(Your goal):
In the data below, find the line containing "صورة مصغرة 6 من 6 — صنعاء حزيز"; reproduce that line and all subsequent lines exactly, and nothing else.

(Data section):
'''

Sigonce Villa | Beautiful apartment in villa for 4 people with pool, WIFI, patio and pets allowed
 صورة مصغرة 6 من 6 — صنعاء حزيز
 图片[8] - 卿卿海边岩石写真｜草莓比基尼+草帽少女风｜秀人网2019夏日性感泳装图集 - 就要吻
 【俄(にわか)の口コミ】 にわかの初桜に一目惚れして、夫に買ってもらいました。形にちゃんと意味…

'''

(Answer for this exercise):
 صورة مصغرة 6 من 6 — صنعاء حزيز
 图片[8] - 卿卿海边岩石写真｜草莓比基尼+草帽少女风｜秀人网2019夏日性感泳装图集 - 就要吻
 【俄(にわか)の口コミ】 にわかの初桜に一目惚れして、夫に買ってもらいました。形にちゃんと意味…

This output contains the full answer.